# PROBLEM DESCRIPTION
Please keep pictures out and return the lines below exactly, from the one holding "Harley-Davidson Street Glide 103, 2013 г." through the last, both included.

# DATA PROVIDED
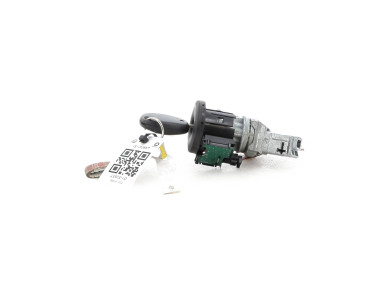 Neiman (barillet clé) - Renault CLIO III PH.2 - 7701208408 - G1-5085T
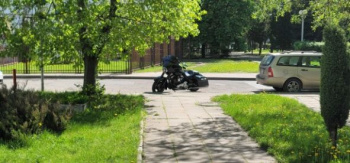 Harley-Davidson Street Glide 103, 2013 г.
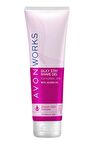 Avon Works Vücut ve Bacaklar için Tıraş Jeli 150 Ml.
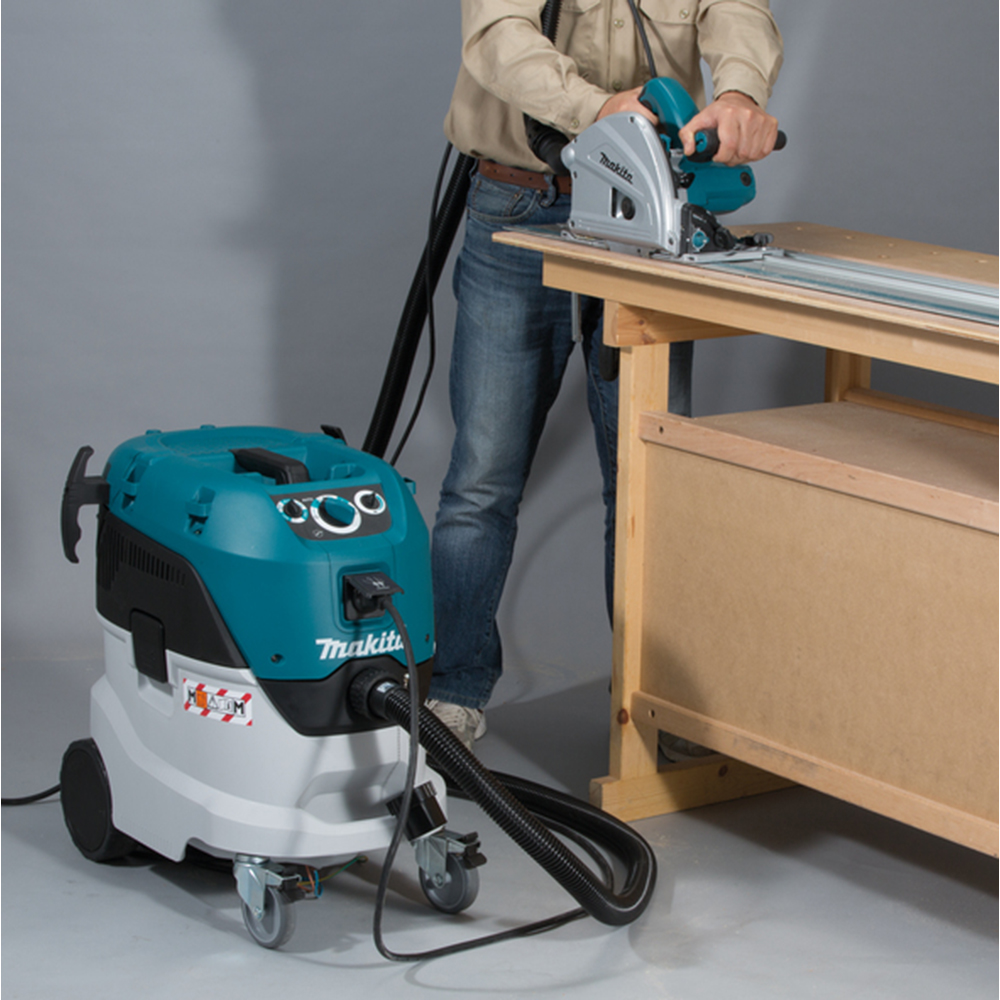 Støvsuger Makita VC4210M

# ANSWER TO THIS TASK
 Harley-Davidson Street Glide 103, 2013 г.
 Avon Works Vücut ve Bacaklar için Tıraş Jeli 150 Ml.
 Støvsuger Makita VC4210M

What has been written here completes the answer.